The weekend is already halfway over – and I spent Saturday in London, catching up with friends and seeing the excellent Lettice and Lovage, starring Felicity Kendal and Maureen Lipman. So wonderful to see two such talented actors performing complex, unusual, and amusing characters – it was a real joy. It’s sold out, I’m afraid, but maybe it’ll transfer? Anyway, here’s the book, the blog post, and the link – as C.S. Lewis almost called his book.
1.) The book – how did I not know about Insomniac City: New York, Oliver, and Me by Bill Hayes? A zillion thanks to Jenny for mentioning it in the comment section the other day – it’s written by Oliver Sacks’ partner, and you know I can’t get enough of all things Oliver Sacks. Having not bought a book for six weeks, I’m back on track for Project 24… so this could be one I end up treating myself to…
2.) The blog post – is by me, I’m afraid. I wrote (over at Vulpes Libris) about a book that was very famous in the early 20th century – An Adventure, purporting to document two women’s inadvertent time-travel to Versailles just before the French Revolution.

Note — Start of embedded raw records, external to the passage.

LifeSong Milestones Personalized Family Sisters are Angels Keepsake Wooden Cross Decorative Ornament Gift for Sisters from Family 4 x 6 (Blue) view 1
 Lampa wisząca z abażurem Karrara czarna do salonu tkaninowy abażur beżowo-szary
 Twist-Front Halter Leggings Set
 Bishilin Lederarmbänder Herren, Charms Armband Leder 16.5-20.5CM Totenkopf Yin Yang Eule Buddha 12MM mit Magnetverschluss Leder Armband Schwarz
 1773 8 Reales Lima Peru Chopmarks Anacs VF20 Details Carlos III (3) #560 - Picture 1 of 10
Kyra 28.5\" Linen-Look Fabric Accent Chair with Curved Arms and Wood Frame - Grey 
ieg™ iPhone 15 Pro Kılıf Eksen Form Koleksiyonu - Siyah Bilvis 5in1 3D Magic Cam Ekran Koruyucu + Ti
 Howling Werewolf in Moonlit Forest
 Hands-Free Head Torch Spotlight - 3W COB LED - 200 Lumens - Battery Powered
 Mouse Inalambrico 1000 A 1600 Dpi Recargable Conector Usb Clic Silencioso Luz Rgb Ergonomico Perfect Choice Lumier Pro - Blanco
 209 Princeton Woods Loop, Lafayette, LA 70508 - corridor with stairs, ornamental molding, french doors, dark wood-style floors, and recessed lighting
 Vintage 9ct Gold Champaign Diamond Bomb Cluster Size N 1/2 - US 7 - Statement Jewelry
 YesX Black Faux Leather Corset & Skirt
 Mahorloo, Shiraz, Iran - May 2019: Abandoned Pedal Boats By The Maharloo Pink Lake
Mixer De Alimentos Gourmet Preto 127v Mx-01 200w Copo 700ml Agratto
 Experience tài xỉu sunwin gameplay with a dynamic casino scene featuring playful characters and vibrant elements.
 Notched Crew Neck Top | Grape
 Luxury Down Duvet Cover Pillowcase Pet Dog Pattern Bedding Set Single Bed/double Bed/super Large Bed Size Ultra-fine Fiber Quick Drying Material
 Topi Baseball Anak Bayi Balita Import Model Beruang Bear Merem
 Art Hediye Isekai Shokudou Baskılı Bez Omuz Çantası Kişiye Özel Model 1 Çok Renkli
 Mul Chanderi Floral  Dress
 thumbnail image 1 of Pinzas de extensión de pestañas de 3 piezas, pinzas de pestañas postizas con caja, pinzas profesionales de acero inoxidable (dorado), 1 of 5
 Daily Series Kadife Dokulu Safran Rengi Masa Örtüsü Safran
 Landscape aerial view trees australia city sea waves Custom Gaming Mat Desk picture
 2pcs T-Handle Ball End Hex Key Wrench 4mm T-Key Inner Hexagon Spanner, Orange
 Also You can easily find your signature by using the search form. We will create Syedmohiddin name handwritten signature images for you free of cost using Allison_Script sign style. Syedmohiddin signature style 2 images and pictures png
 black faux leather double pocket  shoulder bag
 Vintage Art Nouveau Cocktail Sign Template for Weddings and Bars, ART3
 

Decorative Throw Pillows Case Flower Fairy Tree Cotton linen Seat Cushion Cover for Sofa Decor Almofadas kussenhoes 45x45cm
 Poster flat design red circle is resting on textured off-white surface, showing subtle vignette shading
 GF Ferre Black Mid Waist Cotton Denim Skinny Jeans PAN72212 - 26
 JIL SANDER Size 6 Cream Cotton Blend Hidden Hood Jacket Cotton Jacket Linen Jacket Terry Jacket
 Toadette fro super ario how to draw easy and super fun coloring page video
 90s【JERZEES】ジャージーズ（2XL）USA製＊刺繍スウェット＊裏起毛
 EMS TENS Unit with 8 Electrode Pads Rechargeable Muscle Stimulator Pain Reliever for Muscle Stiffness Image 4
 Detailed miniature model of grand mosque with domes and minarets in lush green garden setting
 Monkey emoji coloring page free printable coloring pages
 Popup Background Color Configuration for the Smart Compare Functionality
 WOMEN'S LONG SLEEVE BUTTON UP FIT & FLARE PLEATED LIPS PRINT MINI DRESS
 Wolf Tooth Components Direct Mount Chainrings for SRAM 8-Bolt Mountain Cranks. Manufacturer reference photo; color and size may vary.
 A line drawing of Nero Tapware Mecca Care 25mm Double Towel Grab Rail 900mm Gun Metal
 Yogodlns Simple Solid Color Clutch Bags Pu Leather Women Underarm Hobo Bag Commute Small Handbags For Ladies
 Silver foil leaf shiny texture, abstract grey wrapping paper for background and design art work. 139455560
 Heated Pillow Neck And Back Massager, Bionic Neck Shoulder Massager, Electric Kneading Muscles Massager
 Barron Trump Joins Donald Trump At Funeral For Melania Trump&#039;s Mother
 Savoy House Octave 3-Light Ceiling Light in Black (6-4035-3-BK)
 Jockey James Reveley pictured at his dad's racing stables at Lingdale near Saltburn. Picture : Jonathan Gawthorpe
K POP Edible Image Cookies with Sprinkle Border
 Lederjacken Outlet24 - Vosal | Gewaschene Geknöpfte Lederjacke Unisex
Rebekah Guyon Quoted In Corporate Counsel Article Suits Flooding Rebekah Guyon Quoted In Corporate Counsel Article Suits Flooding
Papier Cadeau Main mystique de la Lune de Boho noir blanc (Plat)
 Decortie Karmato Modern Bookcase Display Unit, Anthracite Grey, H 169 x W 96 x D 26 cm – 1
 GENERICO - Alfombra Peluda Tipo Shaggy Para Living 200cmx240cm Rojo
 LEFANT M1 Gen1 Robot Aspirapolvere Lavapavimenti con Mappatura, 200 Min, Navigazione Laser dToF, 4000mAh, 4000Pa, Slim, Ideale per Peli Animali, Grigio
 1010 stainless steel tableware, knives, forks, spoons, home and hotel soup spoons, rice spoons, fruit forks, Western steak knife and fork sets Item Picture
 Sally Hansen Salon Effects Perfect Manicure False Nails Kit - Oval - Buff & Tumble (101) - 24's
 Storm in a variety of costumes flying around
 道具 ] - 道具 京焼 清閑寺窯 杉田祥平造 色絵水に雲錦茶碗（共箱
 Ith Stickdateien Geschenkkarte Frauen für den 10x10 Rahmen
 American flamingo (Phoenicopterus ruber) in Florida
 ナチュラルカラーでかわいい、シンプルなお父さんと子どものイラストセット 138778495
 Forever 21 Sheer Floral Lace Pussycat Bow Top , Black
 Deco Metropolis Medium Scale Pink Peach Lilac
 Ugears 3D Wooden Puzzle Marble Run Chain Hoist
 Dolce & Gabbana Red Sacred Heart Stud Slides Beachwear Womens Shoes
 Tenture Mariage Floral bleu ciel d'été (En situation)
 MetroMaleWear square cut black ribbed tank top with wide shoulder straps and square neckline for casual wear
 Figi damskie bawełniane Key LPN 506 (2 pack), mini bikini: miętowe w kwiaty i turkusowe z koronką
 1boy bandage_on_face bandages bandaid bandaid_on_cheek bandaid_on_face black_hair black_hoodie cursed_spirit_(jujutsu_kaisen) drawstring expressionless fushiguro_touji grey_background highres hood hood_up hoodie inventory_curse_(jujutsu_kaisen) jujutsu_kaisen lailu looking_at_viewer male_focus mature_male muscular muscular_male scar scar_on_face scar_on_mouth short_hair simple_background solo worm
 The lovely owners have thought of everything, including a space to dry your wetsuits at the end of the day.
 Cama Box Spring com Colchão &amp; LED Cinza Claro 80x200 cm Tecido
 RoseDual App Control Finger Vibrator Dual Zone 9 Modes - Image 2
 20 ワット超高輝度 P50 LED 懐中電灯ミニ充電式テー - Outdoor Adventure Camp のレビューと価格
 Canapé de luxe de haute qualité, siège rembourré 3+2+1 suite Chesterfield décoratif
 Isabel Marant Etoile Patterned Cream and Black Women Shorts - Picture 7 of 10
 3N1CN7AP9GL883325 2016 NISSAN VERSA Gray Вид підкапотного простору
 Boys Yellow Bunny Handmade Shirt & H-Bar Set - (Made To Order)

3.) The link – the ‘long read’ at the Guardian is about the word ‘banter’. That doesn’t sound promising, but I found the 7000+ word essay a fascinating look at sexism, popular culture, and the ways in which a very British sense of humour can get distorted and turn dangerous.
By the time you see this, I’ll probably be driving off to a dear friend’s wedding – thankfully the temperature has come down a bit, so the idea of putting on a suit doesn’t make me collapse in a puddle of tears. I hope you’re having a great weekend, wherever you are – and I’ll help you along the way with a book, a blog post, and a link.
1.) The book – Scribbles in the Margins: 50 Eternal Delights of Books by Daniel Gray. WILL people please stop publishing books about reading while I’m on Project 24?? It’s the greatest temptation, and I very much want this. I went to school with a Daniel Gray, but I suspect it’s not the same one… though, who knows, maybe all the cool kids are bibliophiles now too.
2.) The blog post – be beguiled by this collection of excerpts about glass, courtesy of Jane at Beyond Eden Rock. Even more beguilingly, she doesn’t introduce it – so we have no idea why or how or when the idea and selection came to her.
3.) The link – Behind the GIFs. Silly but brilliant.